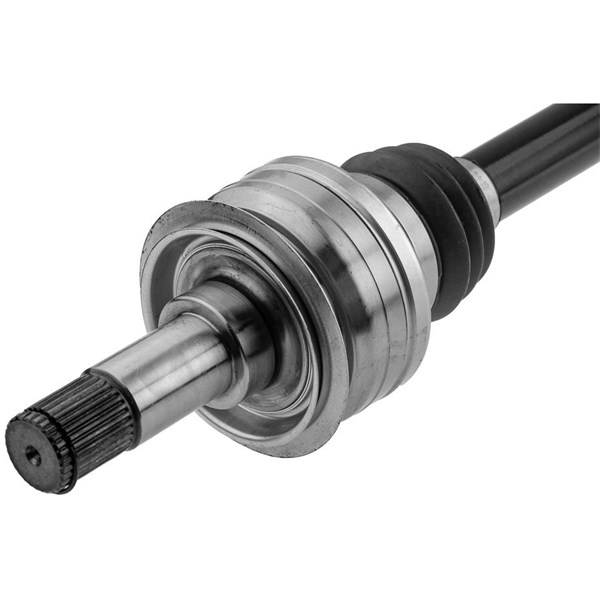 Drivaxel, Bakaxel Nty NPW-ME-160 NTY Drivaxel, Bakaxel Nty NPW-ME-160 NTY
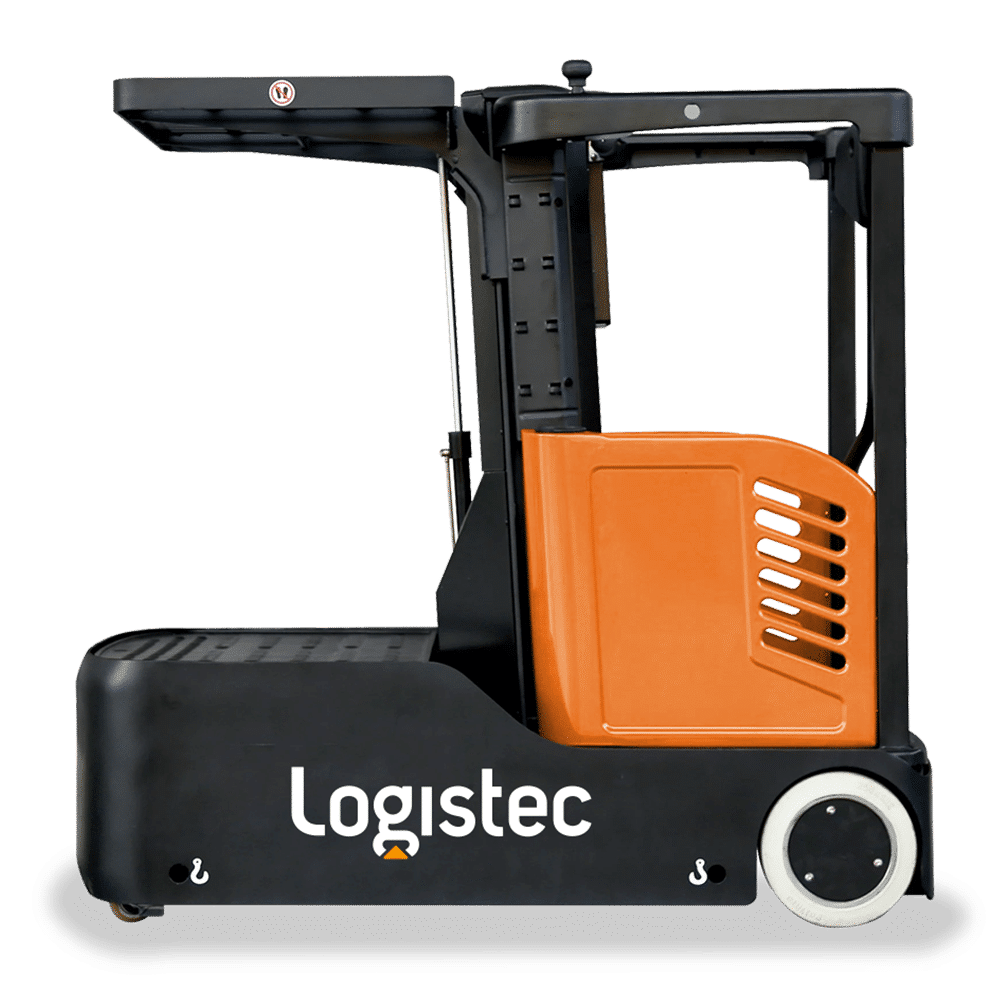 Logistec Task Support/Order Picker Vehicle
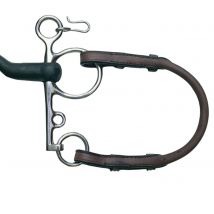 Collegiate Bit Roundings IV - Black / One Size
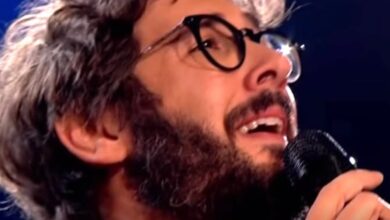 Josh Groban Turned Hyde Park Into One Voice With a Stunning “You Raise Me Up” Performance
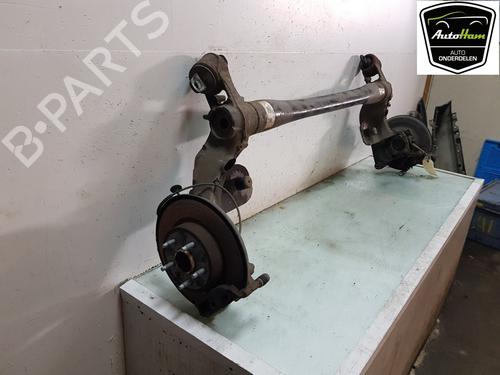 Bakaksel OPEL MOKKA / MOKKA X (J13) 1.4 (_76) | BP29061674M2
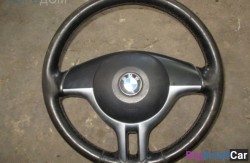 Руль (32 Рулевое упр. и геометрия подвески) 32306770423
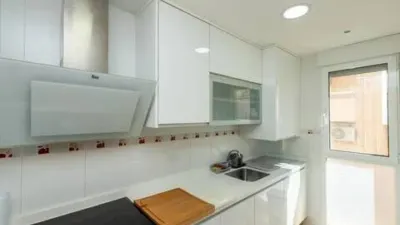 Apartment in Campoamor photo 25
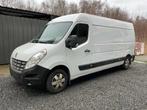 Renault Master Véhicule Commercial 2011, Autos, Achat, Entreprise, Occasion, Autres carburants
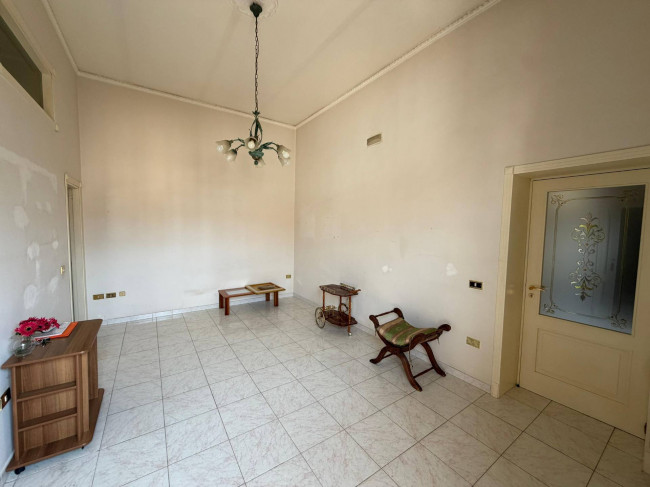 Appartamento in vendita a San Prisco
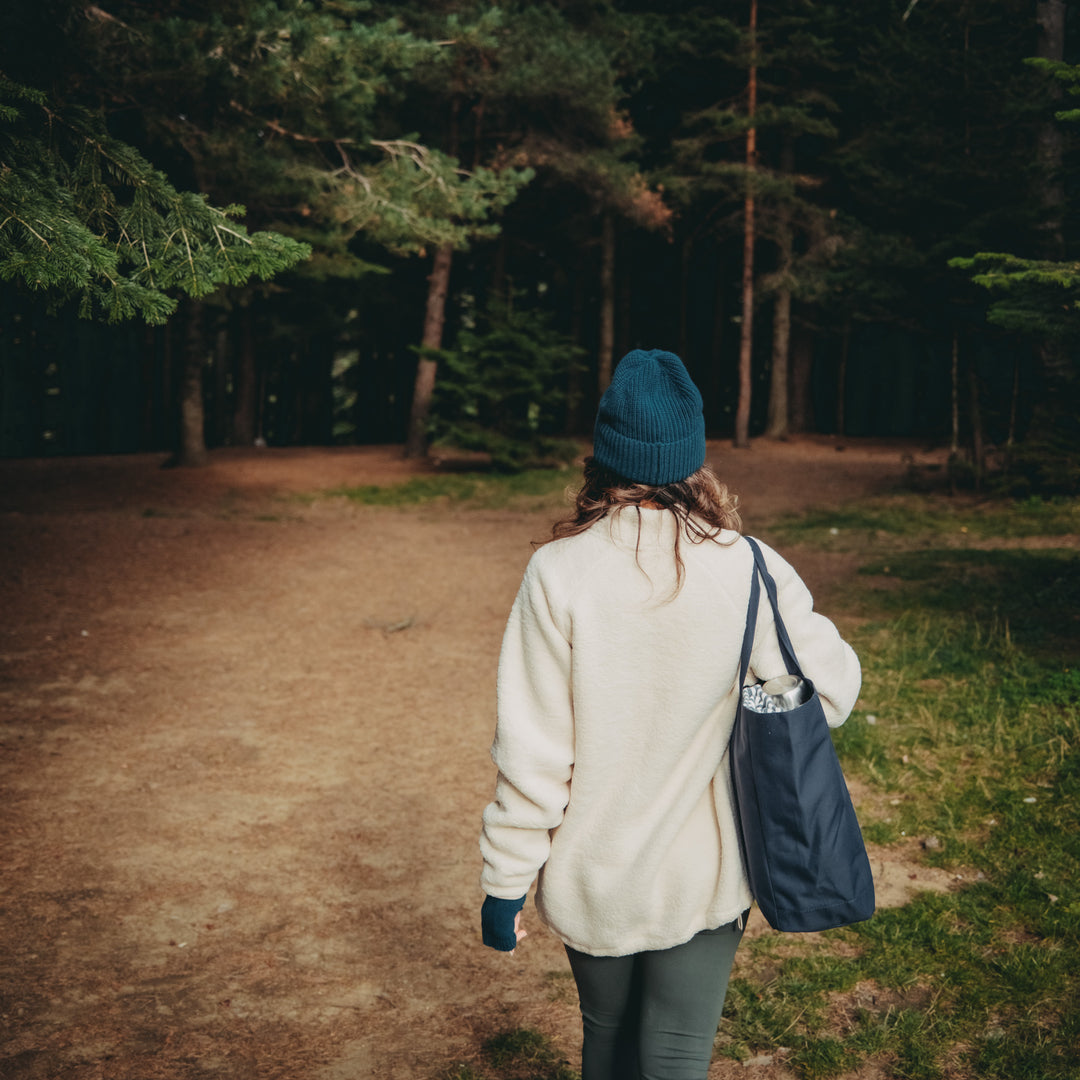 Yün Bere - Gece Mavisi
#####
## What to produce:
Reproduce the data exactly as it appears above. Pictures are to be left out.

## Exercise solution:
 Drivaxel, Bakaxel Nty NPW-ME-160 NTY Drivaxel, Bakaxel Nty NPW-ME-160 NTY
 Logistec Task Support/Order Picker Vehicle
 Collegiate Bit Roundings IV - Black / One Size
 Josh Groban Turned Hyde Park Into One Voice With a Stunning “You Raise Me Up” Performance
 Bakaksel OPEL MOKKA / MOKKA X (J13) 1.4 (_76) | BP29061674M2
 Руль (32 Рулевое упр. и геометрия подвески) 32306770423
 Apartment in Campoamor photo 25
 Renault Master Véhicule Commercial 2011, Autos, Achat, Entreprise, Occasion, Autres carburants
 Appartamento in vendita a San Prisco
 Yün Bere - Gece Mavisi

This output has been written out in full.